The emphasis in Acts 2 is that Jesus was raised to sit on David's throne; the emphasis in Acts 3 is that Jesus was raised to fulfill the seed promise and bless all by turning people from sin.
And both contain a command connected with promise. Read Acts 2:38-39 with Acts 3:19-21. Now compare the two in terms of what they say:
"Repent" correlates with … "repent."
"Be baptized" with "return."
"Forgiveness of sins" with "sins blotted out."
"Gift of the Holy Spirit" with "times of refreshing may come from the presence of the Lord."
That last part really intrigues me. The "presence of the Lord" somehow correlates with the "gift of the Holy Spirit." What is it? There is actually a connection made in Isaiah between God's presence and the Holy Spirit. Consider Isaiah 63:7-14, then note the phrases:
"angel of His presence" (v. 9).
"grieved His Holy Spirit (v. 10).
He put His Holy Spirit in their midst (v. 11).
"The Spirit of the Lord gave them rest" (v. 14).
In the garden, Adam and Eve were in the presence of the Lord. They had rest. When they sinned, they lost their peace and they hid from His presence (Gen 3:18). When Cain sinned, He fled God's presence (Gen 4:16).

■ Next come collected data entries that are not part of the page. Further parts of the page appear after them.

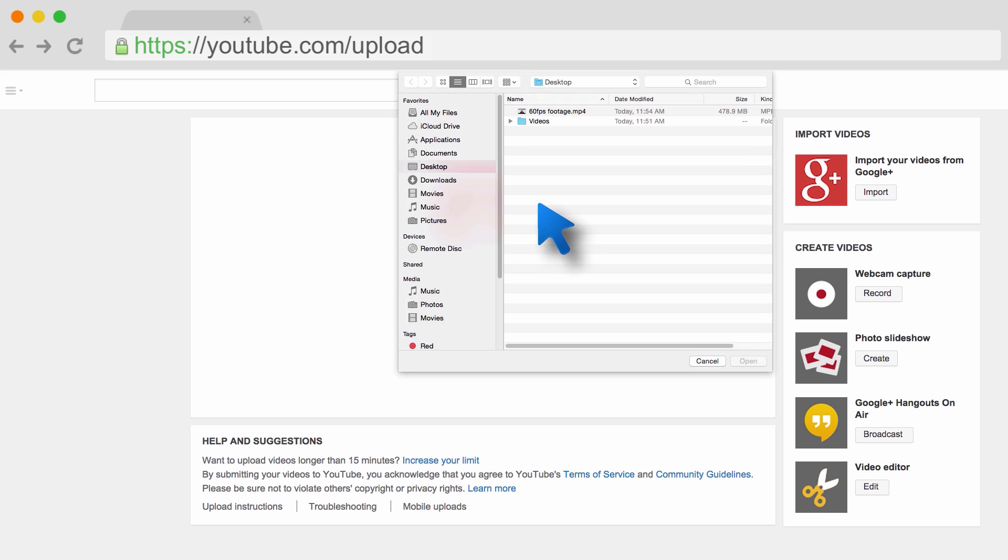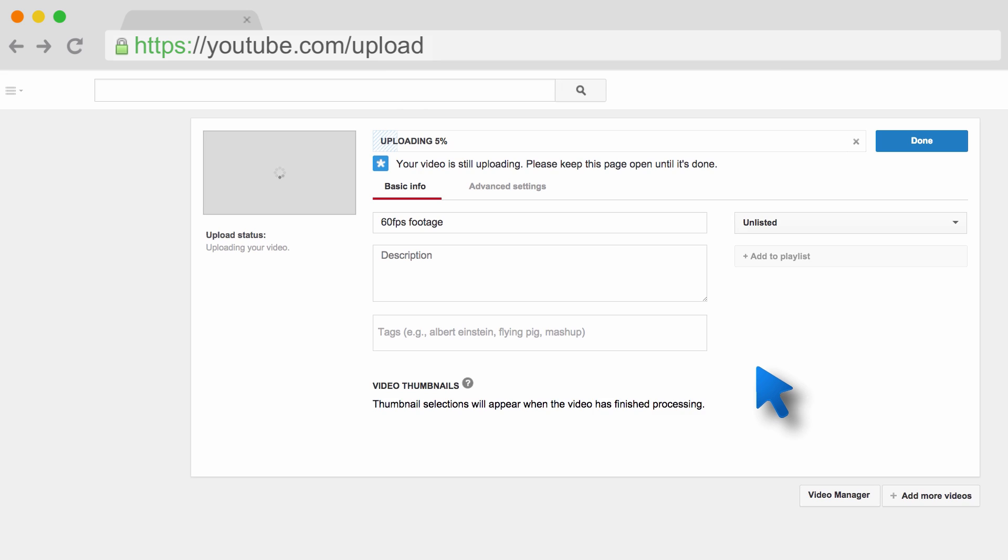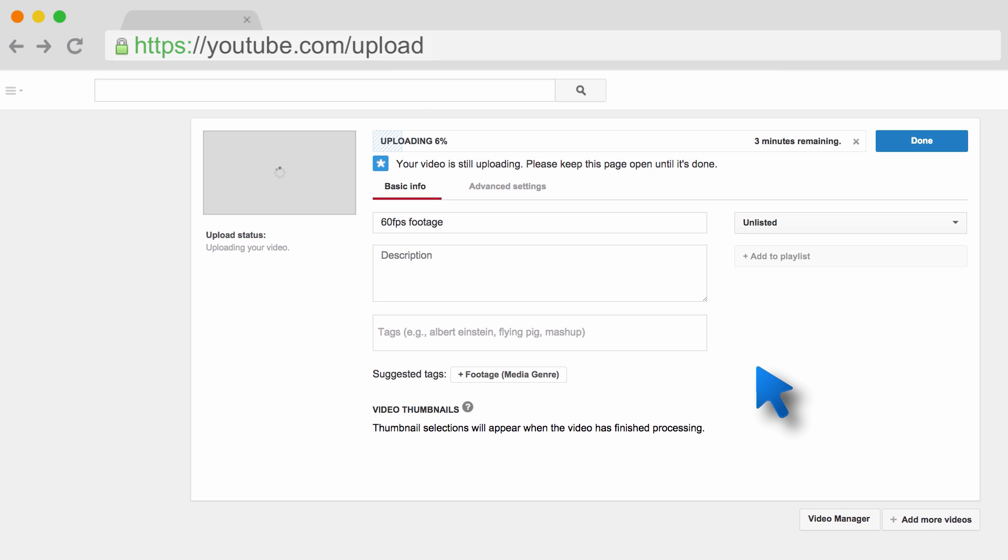Let's say you have a video in 60 frames per second you want to upload to YouTube. You can upload the video just like any other video — there's no extra steps needed. We'll handle processing the video in its native frame rate.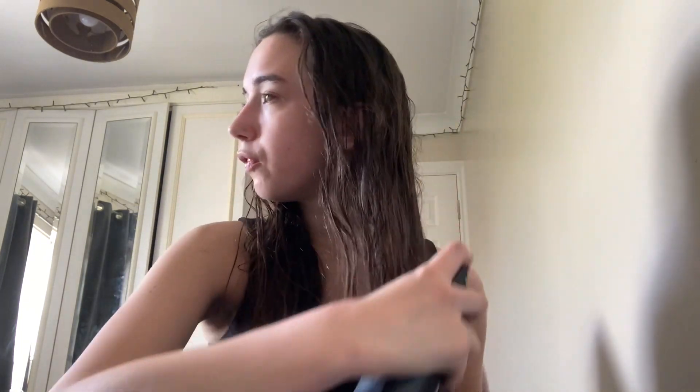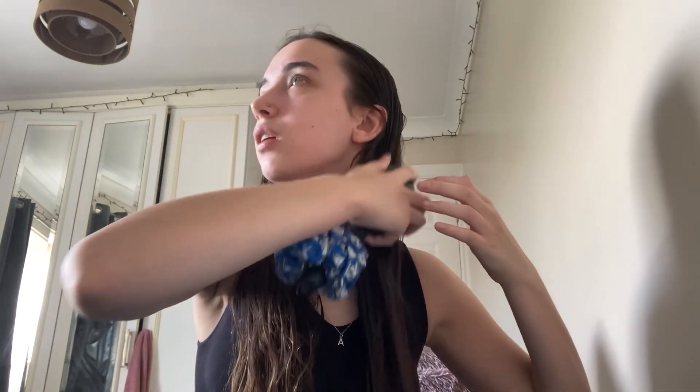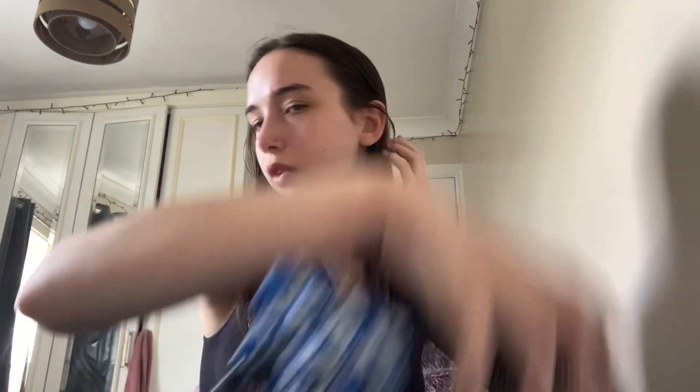I've just gotten out of the shower, had my hair in a hair towel and I'm just taking it down. Using some heat protectant — I don't yet have a particular one I'm fond of, so I tend to go for whatever looks good. Then I gently brush that through. Strictly speaking you shouldn't really brush your hair when it's wet, but I do it pretty gently.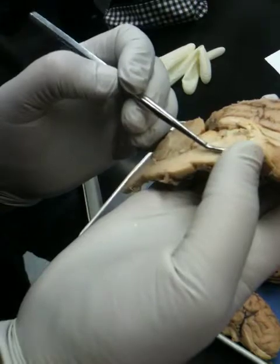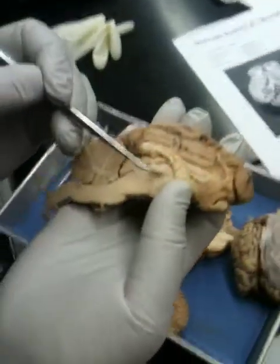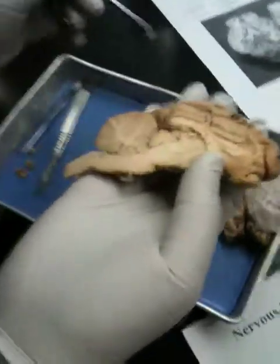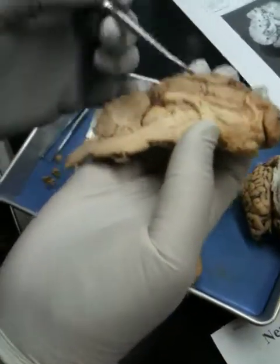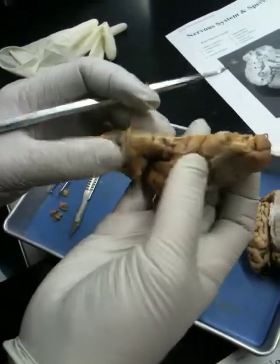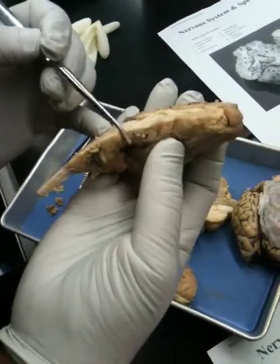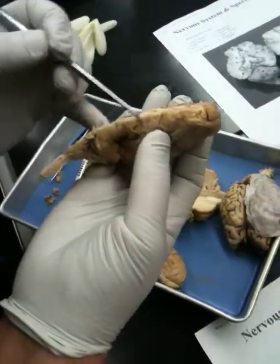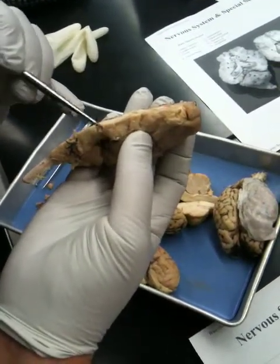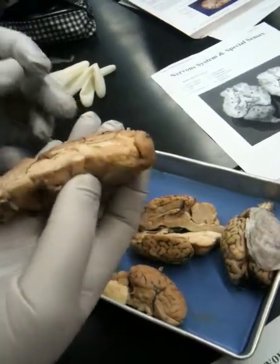This right here is the thalamus. In the very middle you kind of see this region that's been chewed up — that's the intermediate mass of the thalamus. Right below the thalamus is the hypothalamus, and you should be able to see the optic chiasma there. And if you had the pituitary, it would be right here connected via the infundibulum to the hypothalamus.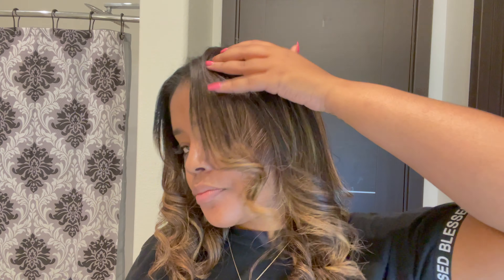Hope you guys enjoyed! Please don't forget to like, comment, and subscribe. Thanks, guys!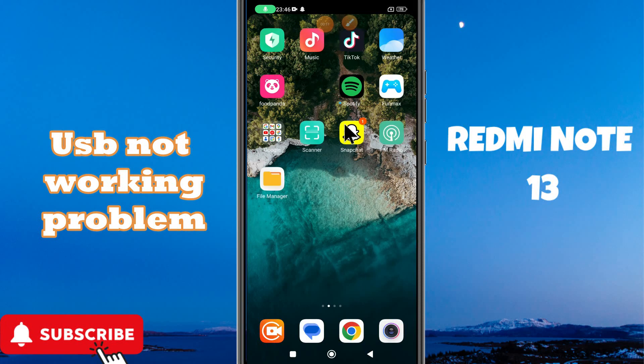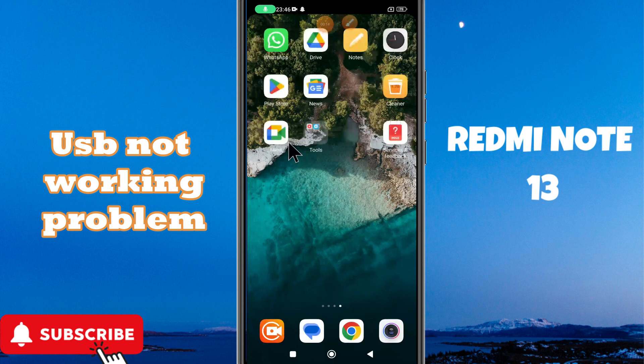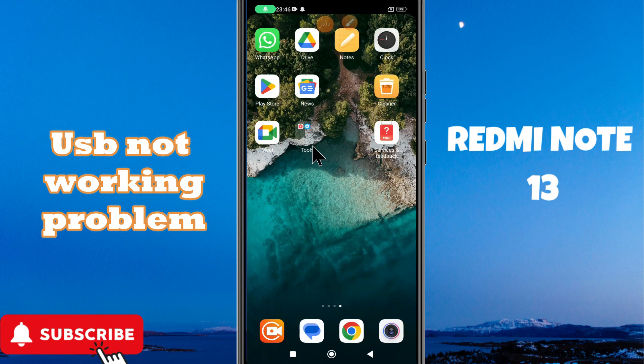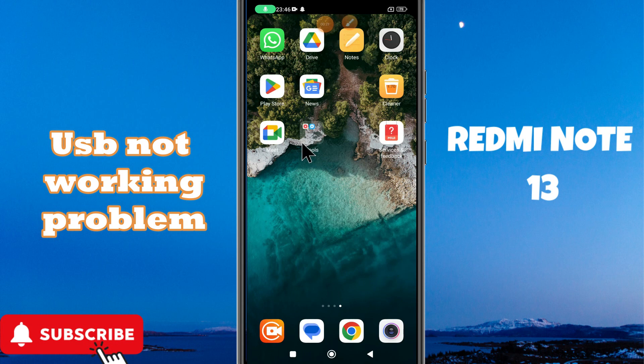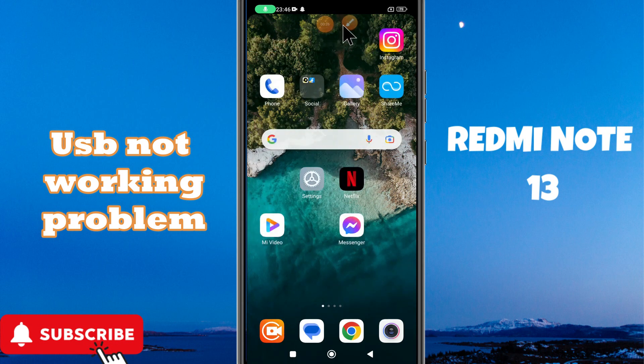Welcome to another video. In this video, I will show you about the USB not working in Redmi Note 13. If you are fixing the USB not working, I will tell you how to fix it. I will show you all the steps in this video — you have to follow them. If you are new here, don't forget to subscribe to this channel. Let's watch the video and see how to fix the USB problem in your device.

Yet God's presence was given to the children of Israel through His Spirit, as Isaiah 63 tells us. God told Moses, "My presence shall go with you, and I will give you rest" (Ex 33:14).
When they approached God's presence dishonorably, they suffered the consequences, as is seen in Nabad and Abihu (Lev 10:2; 16:1). The bread in the tabernacle was called "the bread of His presence" (Num 4:7). Many other passages speak of God's presence, whether offering incense (Num 16:7), preparing for battle and crossing the Jordan (Num 32:29, 32), eating and the presentation of produce (Deut 14), the king writing a copy of the Law (Deut 17:18), and so on.
Generally, I conclude that the "presence of God" indicates God's walking in fellowship with His people. To think of the presence of God is to see His constant oversight, His care, and His willingness to be with the people. The Holy Spirit was the "angel of His presence." By comparing Acts 2:38 and 3:19, a case can be made that the "gift of the Holy Spirit" is the restoration of God's presence. Sin results in losing His presence. Through the Spirit, God gives rest (Matt 11:28) and restores this. These are "times of refreshing" that come from His presence. In the end, we will either continue in His presence or suffer the eternal destruction "away from the presence of the Lord and from the glory of His power" (2 Thess 1:9-10).
The essence of the gift of the Holy Spirit, I believe, is the presence of God with us.
This also fits with the idea that God's people are a His temple, "being built together into a dwelling place for God by the Spirit" (Eph 2:22).
"Seek the Lord and His strength; Seek His face continually" (Psa 105:4). Herein we find that God refreshes us, gives us rest and peace, and promises that He will abide with us.